The insurance company may, therefore, be inclined to ask their experts to draft reports that do not state that the damage is due to the insured as such findings would then be used against it. However, the latter cannot state something that goes against what he/she thinks in his/her report just in case Court-ordered expert proceedings follow. Indeed, French Courts consider that the insurer’s expert and the insurer have a contractual relationship and that if the insurer’s expert’s findings are wrong and cause a further damage to the insured, he/she will be liable and have to bear the consequences of his/her breach. French Courts have also condemned insurance experts in tort when their findings created damages to third parties (French Supreme Court, 3rd Civil Chamber, 28 January 1998; French Supreme Court, 3rd Civil Chamber, 10 July 2002). The only way this expert can, in these circumstances, defend him/herself is by showing that he/she acted with neutrality, conscience and impartiality. Furthermore, since the French Supreme Court held that experts usually acting for insurance companies can also be Court-appointed experts (French Supreme Court, 2nd Civil Chamber, 22 May 2008), many have been doing both. As such, these experts cannot take the risk of stating something of which they are not convinced in insurance expert proceedings, as it may well be used against them in other Court-ordered expert proceedings involving similar technical issues.

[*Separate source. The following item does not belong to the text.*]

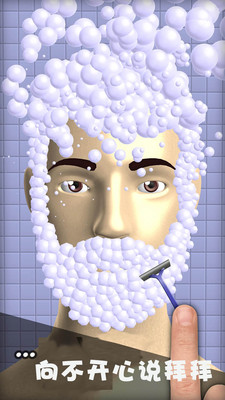 ��ѹ����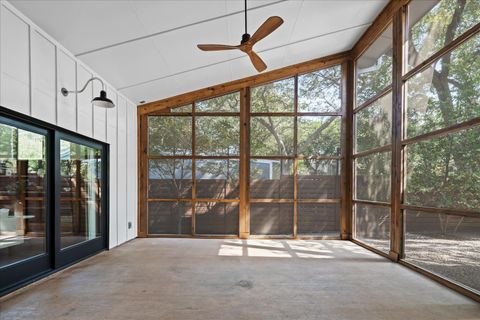 Tiny photo for 1905 Haskell ST, Austin, TX 78702 (MLS # 9548308)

What is, therefore, advised is for the insurance company’s expert to draft a report which is as broad as possible with warnings as to the extent of knowledge he/she has on the facts if he/she is convinced that the damage is due to the insured. In other words, the insurance company’s expert must warn the reader that his/her conclusions are made in light of the facts and damage he/she is aware of and that his/her conclusions should be completed with further tests and discussions. This will help the insurance company in Court-ordered expert proceedings to then argue that its expert’s report is not as relevant/definitive as it seems.

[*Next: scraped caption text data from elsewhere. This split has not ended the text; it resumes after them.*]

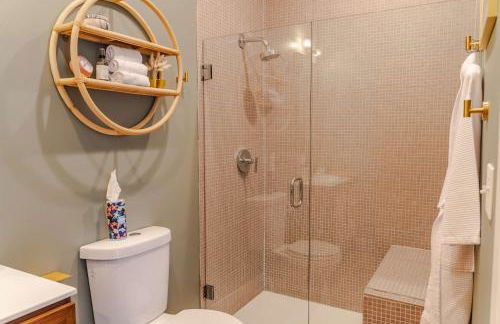 2-Unit Condo in the Vibrant NuLu District - Foto 21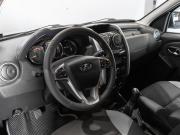 Lada (ВАЗ) Largus I Рестайлинг Казань  - изображение 12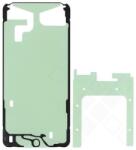 Samsung Galaxy S25 Plus - Set de Autocolante pentru Display LCD (Adhesive) - GH82-36510A Genuine Service Pack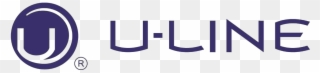 U-line - U Line Logo Clipart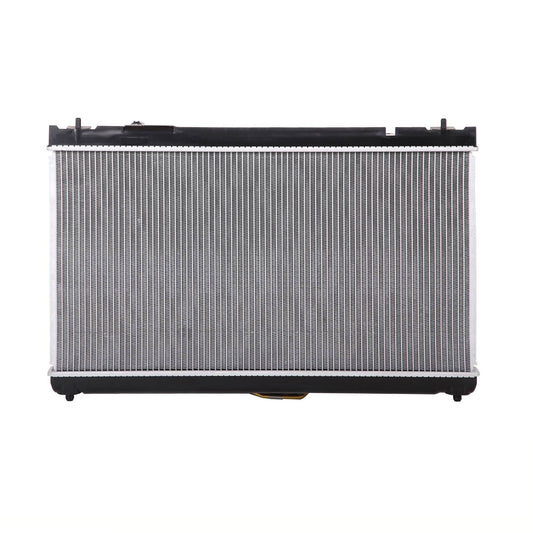 Radiator Replacement For 02-06 Camry 04-06 ES300 V6 3.0L 3.3L USA Built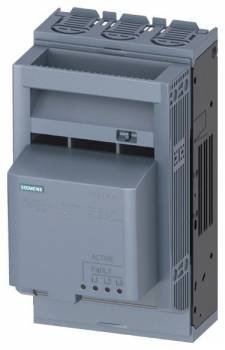 Siemens 3NP11331CA22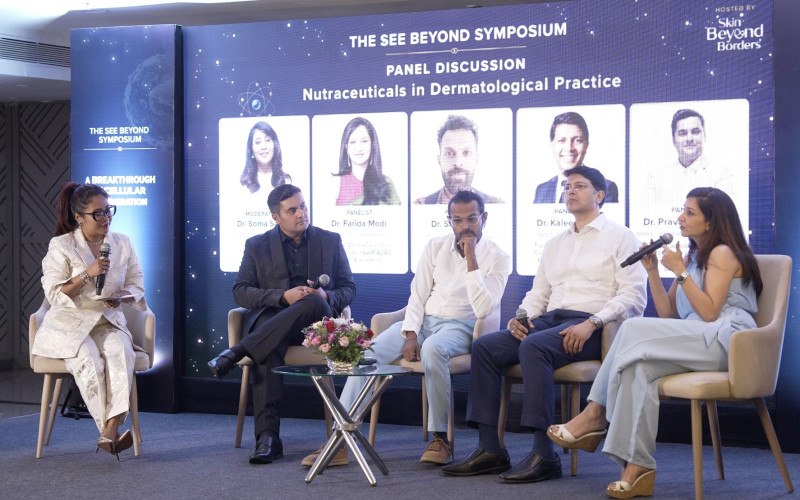 skinbb-announces-indias-first-prac-vetted-skincare-digitech-platform-and-exclusive-india-launch-of-continual-g-powered-by-patented-glyteine-in-partnership-with-inid-research-lab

Insurers have a key role in Court-ordered expert proceedings and greatly influence the Court-appointed expert as they involve their own experts who speak the same technical language. They are now almost systematically involved as parties when they were before only observers. They, therefore, need to adjust their strategy and be aware that their internal investigations on the issue will likely be disclosed and may be used against them and their insured.